L'Argent, Emile Zola

Publié le par Le Colibri

L'Argent, Emile Zola

Histoire

On retrouve Saccard après La Curée : il est ruiné, a vendu son hôtel luxueux et prestigieux, et est renié de presque tous à la Bourse. Mais il n’a pas dit son dernier mot et veut la reconquérir.

Il s’associe alors avec Hamelin, ingénieur qui rêve de développé des entreprises en Orient pour créer la Banque Universelle.

Son énergie et ses magouilles font monter le cours des actions de cette banque au-delà de toute mesure ; malgré les inquiétudes de Mme Caroline, sage sœur d’Hamelin, qui s’est épris de lui.

Gundermann, banquier juif concurrent dont la réserve d’argent atteint le milliard, sait que de telles actions ne peuvent que redescendre : en jouant la baisse, il arrivera à faire crouler l’édifice plus que fragile de Saccard.

De plus, le ministre Rougon, souhaitent se débarrasser d’un frère aussi gênant, le laisse emprisonné par le ministre de la Justice Delcambre qui se venge par là d’une rancune personnelle. Hamelin sera lui aussi emprisonné : mais Rougon permettra aux deux associés d’organiser leur fuite à l’étranger, étant ainsi libéré de Saccard sans avoir le poids d’un frère en prison.

Mon avis

Ce n’est pas la première fois que je lis ce dix-huitième tome des Rougon-Macquart : il m’avait « traumatisé » lorsque je l’avais étudié en prépa. Malgré cela, je me dis qu’il n’était pas si mal, puisque plus de 5 ans après je m’en souviens plutôt bien ! Mais c’est peut-être dû au fait de l’avoir étudié et non simplement lu.

Donc si vous voulez apprendre quelque chose du monde de l’argent et du fonctionnement de la Bourse, je vous conseille ce livre ! Mollement… car il y aura beaucoup de vocabulaire à rechercher, et même la préface le précise : « L’Argent […] est […] largement illisible pour le lecteur moyen. »

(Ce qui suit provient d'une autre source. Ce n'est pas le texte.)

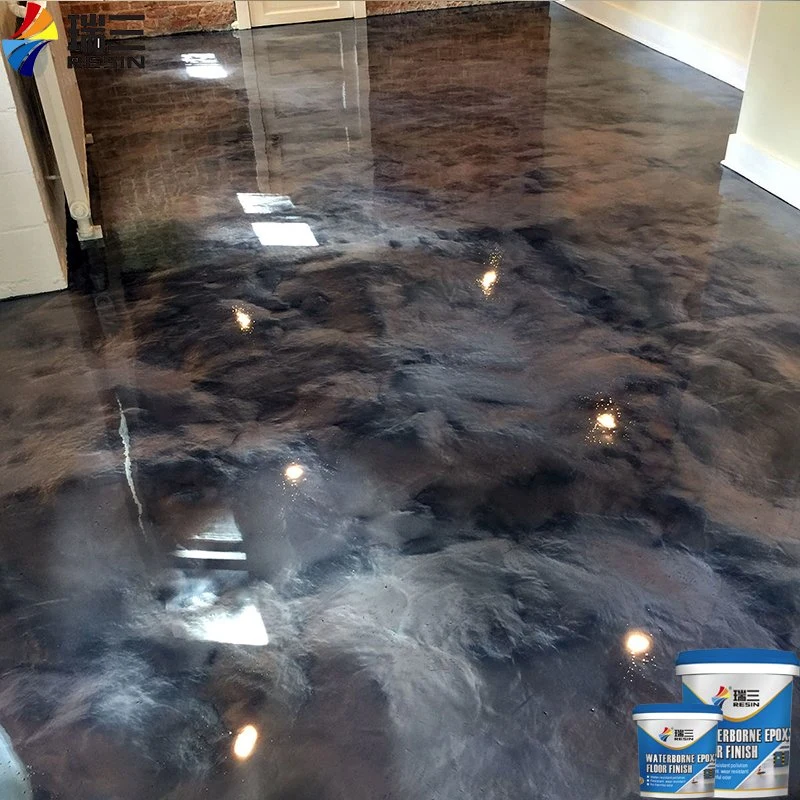 Metallic Epoxy Floor Coating on Ceramic Floors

De plus, la Bourse apparait un peu comme les entreprises créées par la Banque Universelle : floue et lointaine. Plus proche de nous, la spéculation m’apparait un peu comme un jeu de hasard (la Française des Jeux de l’époque) ; où l’on parie sur la baisse ou sur la hausse des actions, avec la certitude d’une perte globale puisqu’il faut payer l’organisme, et de faibles chances de gros gains.

Cet univers de l’argent ne m’a pas vraiment intéressé : j’ai même arrêté la lecture plusieurs jours sans manque.

Les personnages étaient plus attachants, particulièrement celui, plus doux, de Mme Caroline. Juste et humaine par les sentiments qu’elle éprouve, on regarde Saccard par ses yeux, avec un avis mitigé : il est à la fois bannissable pour ses erreurs et sa manipulation, et impressionnant par sa foi, sa vigueur et ses bonnes intentions !

Même au-delà de la vision de Mme Caroline, l’histoire ne se présente pas de manière dichotomique : Saccard a ses bons côtés, avec l’Œuvre du Travail, et ses mauvais côtés ; comme presque chacun des personnages.

Malheureusement, les femmes sont encore « abaissées » : même la solide Mme Caroline est une faible femme, face à l’énergie de Saccard, auquel elle donne son cœur, son argent, jusqu’à son honnêteté.

Bref, il est des livres qu’on étudie en classe.